Its Scope 3 Emissions Protocol  launched at Climate Week NYC, aims to be carbon neutral all the way down the line – and up – by 2040. No offsets. And it’s asking the global industry to come along for the ride.

According to the company, the built environment contributes about 40 per cent of all carbon emissions globally, with 90 per cent of Lendlease’s own emissions classified as scope 3, that is, indirect emissions from activities such as the manufacturing of building materials (upstream activities) and from the use of electricity and natural gas by building tenants (downstream activities).

With regulators around the world increasingly focused on the disclosure of scope 3 emissions, the company believes the built environment needs to get ahead of this curve.
To help accelerate the pace and scale of decarbonisation and establish consistent and comparable scope 3 reporting boundaries across the real estate sector, it has launched a 28-page scope emissions protocol – Absolute Zero by 2040.

The document outlines the company’s current view on scope 3 emissions’ reporting boundaries and is designed to be a model for others in real estate investments, development and construction.

Data sharing platform

Lendlease has now called for others in the industry – including developers, builders and construction material manufacturers – to join it in the challenge.
It has also called for an industry-wide data-sharing platform to enable the exchange of digitised, verified scope 3 emissions data.

Cate Harris, group head of Sustainability & Lendlease Foundation, said the protocol is a “seminal piece of work on our pathway towards our target of Absolute Zero.

“To know where to focus our decarbonisation, we need to first know how we are accounting for our scope 3 emissions – what is material and, therefore, what is in and out of scope.

“We want the protocol to spark conversation and engagement across our sector, to help drive to a consensus on how to account for and report on scope 3 emissions.

“If we can achieve this, then we can collaborate as an industry to solve the two big systemic challenges: the decarbonisation of harder-to-abate materials and the digitisation and sharing of scope 3 emissions data.”

Chief executive officer of The Green Building Council of Australia, Davina Rooney, said Lendlease’s new protocol is valuable and timely.

“The decarbonisation of the property value chain is an urgent priority …[and] …Industry
transformation is possible when we are aligned and working towards the same goal.”

According to a company spokesperson, over the past three to five years, there has been growing interest in scope 3 emissions declarations, which are now included in the International Sustainability Standards Board’s sustainability reporting standard.

“Our target to reach absolute zero by 2040 is completely different to a ‘net zero by 2050’
target. It is ambitious, but it is what we think the world needs. With our absolute zero by 2040 target, we are aiming for the elimination of scope 1, 2 and 3 emissions within the Lendlease defined boundaries – without the use of offsets,” the spokesperson said in an email.
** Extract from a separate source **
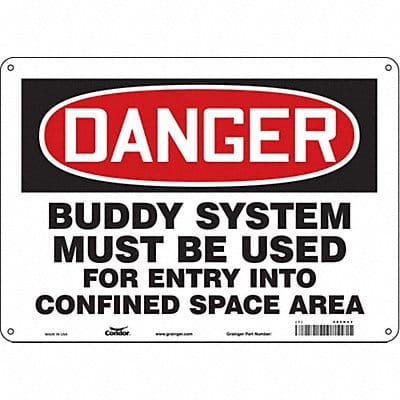 Safety Sign 10 inx14 in Polyethylene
The biggest challenge is reducing embodied carbon in the materials that developers rely on.

There was “no underestimating the challenges of decarbonising harder to abate
materials such steel, cement, aluminium and glass”.

“It will take time and investment to transform these industries, and we want to spark the conversation about an industry-wide focus to address scope 3/value chain emissions as a way to accelerate this.”
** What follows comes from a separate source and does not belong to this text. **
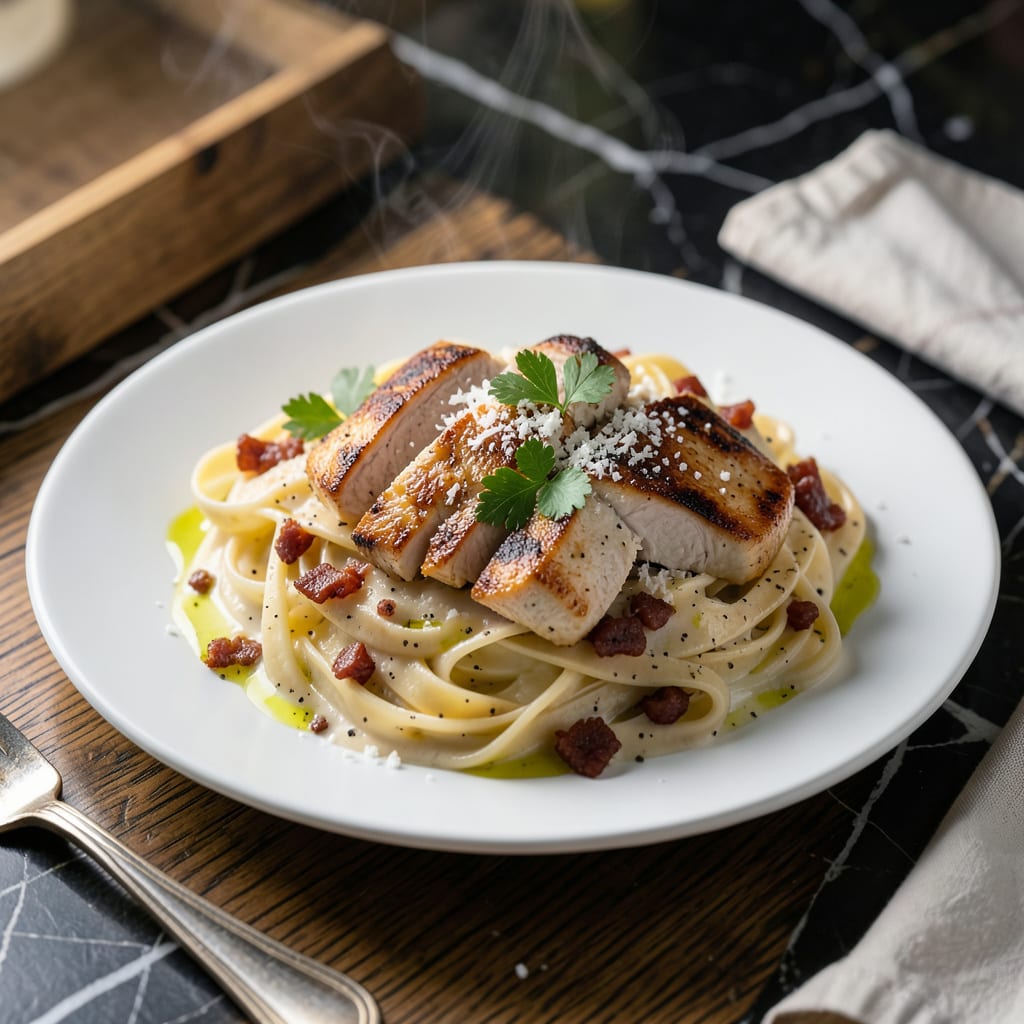 Chicken Carbonara Sauce Recipe With Cream: Silky Roman-Style Indulgence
It’s why the data-sharing platform will be so important. The collaborative and industry-led Materials and Embodied Carbon Leaders program was a good model that the company would use to take its absolute zero concepts global.

With Tina Perinotto

UPDATE: This article was updated on 27 September to clarify that the launch at NY Climate Week was of the Scope 3 Emissions Protocol. Absolute zero was launched in 2021.